A Spirit of Collaboration
While it is certainly not the only force to do so, open-source code and the open-source mindset are some of the biggest factors behind democratizing technology. We are now very much in a world in which technology, the internet, and the knowledge and tools that they beget are nothing short of human rights, and keeping these things behind corporate paywalls is dangerous. The collaborative spirit of open-source, and the powerful community and vast library of resources that it represents—that same vast library that powers nearly all the world’s software—represents a creative and professional force that cannot be bought. It represents a capacity and an ability for creation that goes beyond paychecks and unlimited PTO.
Of course, we do not live in a world in which passion pays our bills, but the open-source community answers there as well. GitHub’s repos may be filled with passion projects and code built during somebody’s off-hours but, sometimes, those chunks of code become incredibly useful to very large demographics. If you build it, they will come. But also, with a small donate button, if you build it, they might buy you lunch. And dinner. And maybe a car. Even without the hierarchy of an employment contract, some programmers and developers end up receiving significant compensation for very well-received work.

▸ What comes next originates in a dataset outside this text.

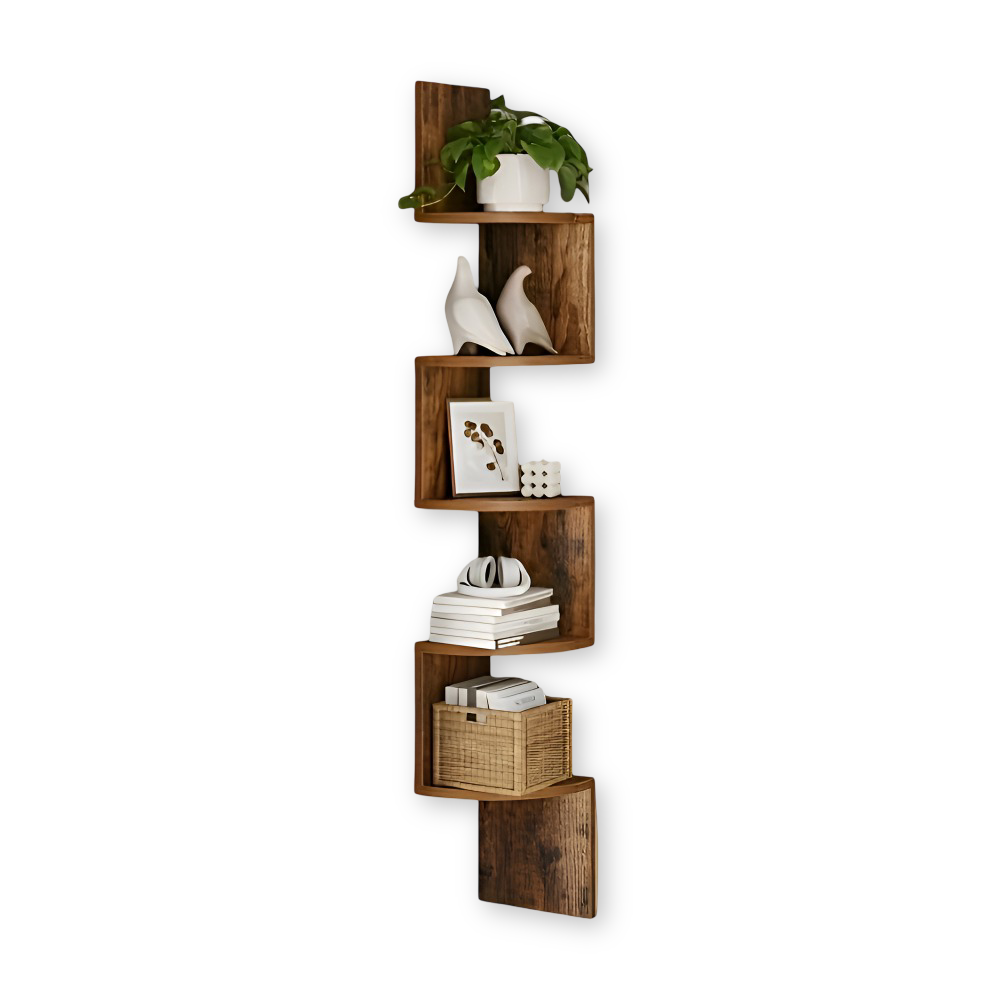 Corner Shelf 5 Tiers | Zigzag Style with Shelves | Space-Saving Corner Fit | CornerZig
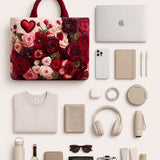 H.PAI Women's Quilted Tote Bag - Romantic 3D Rose Floral Applique & Heart Velvet Luxury Elegant Handbag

These points speak to the power of the open-source dev community and to just how difficult it would be to contain this product force in “traditional” contractual terms. Many companies would love to own and indiscriminately profit off of everything that their employees make, or anything that they can fund. They would love to be able to do this with any product or service that falls within their reach, it is clear that this productive force will not be contained.
Open-source sparks and maintains a collaborative spirit and an autonomous community, on top of which the world’s tech infrastructure is built. It revolutionizes the concept of production in this sphere and gives way to new solutions and new ideas. There are, of course, difficulties that come with open-source development, but no revolution is a bed of roses; rather, it is a struggle between the future and the past.